Leave the pictures out. Retype exactly the lines below from the one containing "Name of each" through the one containing "In the devil", and no others.

#### DATA LISTING:
++++
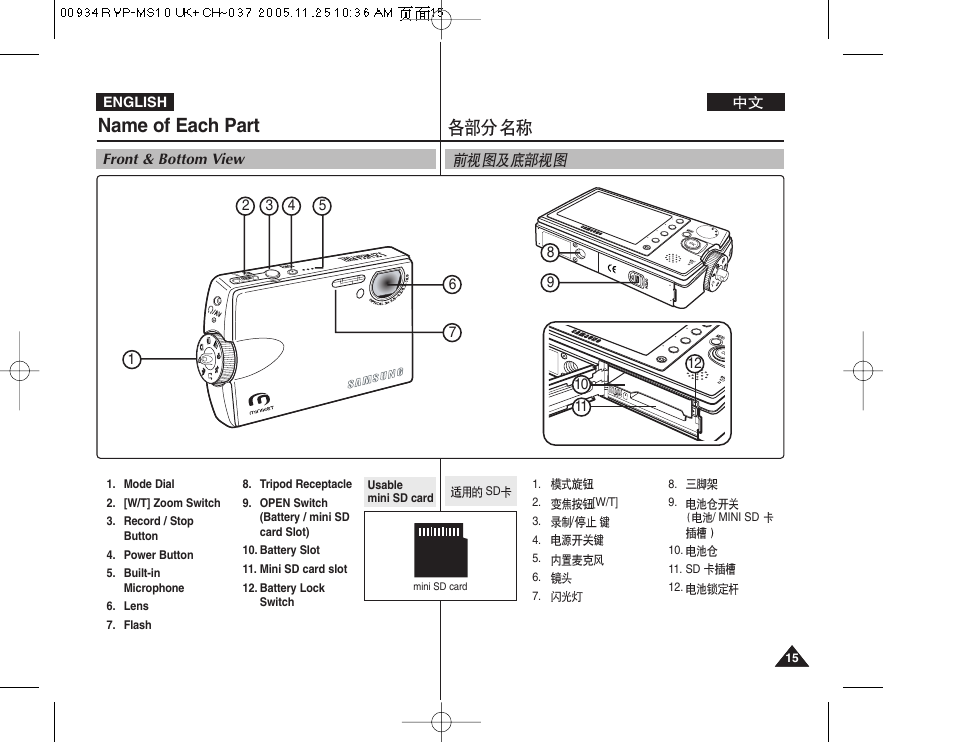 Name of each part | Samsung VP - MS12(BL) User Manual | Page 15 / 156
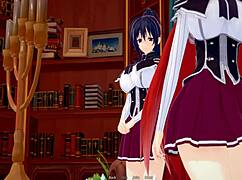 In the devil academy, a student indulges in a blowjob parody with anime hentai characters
++++
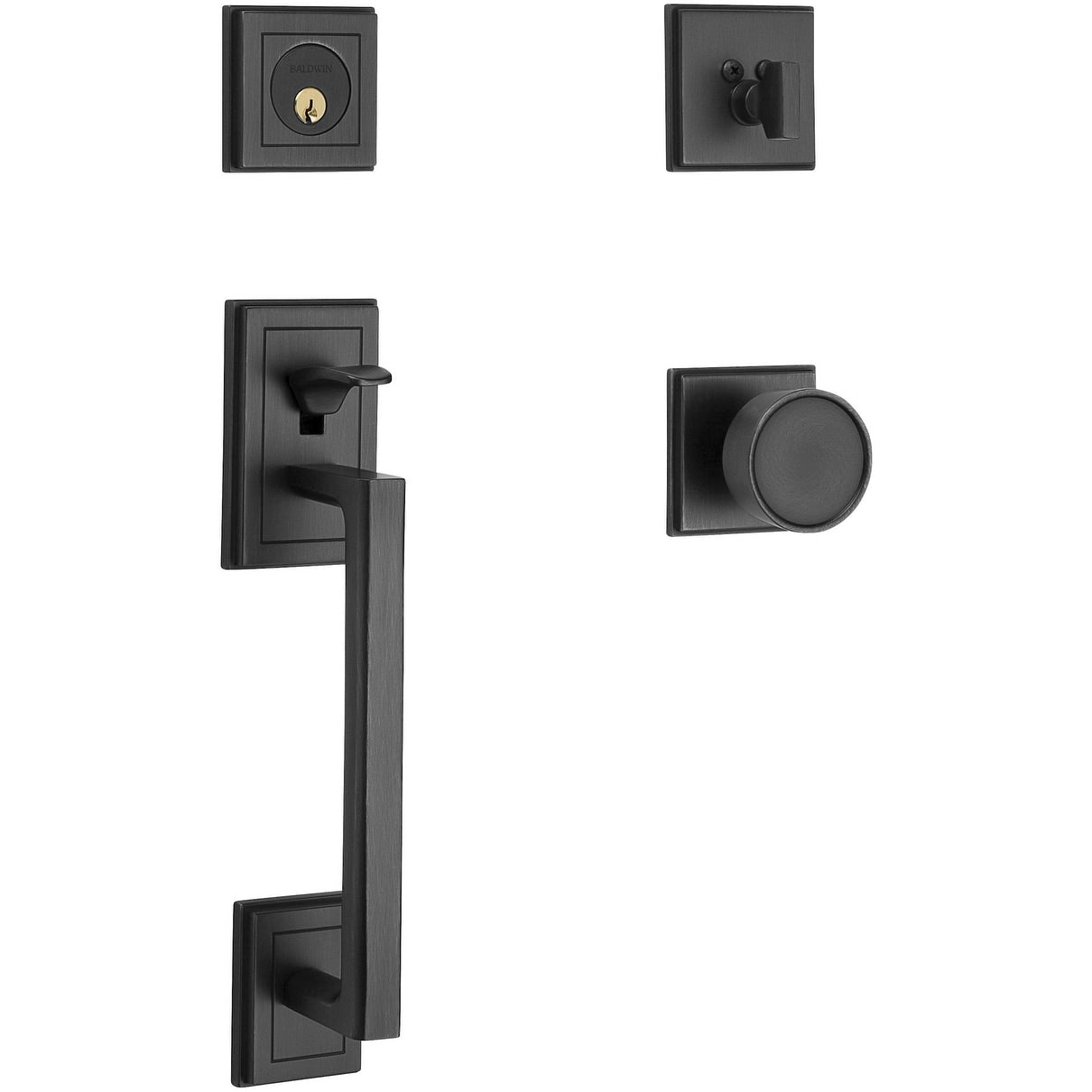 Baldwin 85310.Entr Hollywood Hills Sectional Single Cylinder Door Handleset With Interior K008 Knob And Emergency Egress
++++
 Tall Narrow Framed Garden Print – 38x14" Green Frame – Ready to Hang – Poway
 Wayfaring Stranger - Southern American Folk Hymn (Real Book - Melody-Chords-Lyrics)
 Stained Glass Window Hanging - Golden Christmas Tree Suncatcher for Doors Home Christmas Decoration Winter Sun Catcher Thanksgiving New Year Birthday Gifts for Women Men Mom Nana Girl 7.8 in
++++
#### TASK OUTPUT:
 Name of each part | Samsung VP - MS12(BL) User Manual | Page 15 / 156
 In the devil academy, a student indulges in a blowjob parody with anime hentai characters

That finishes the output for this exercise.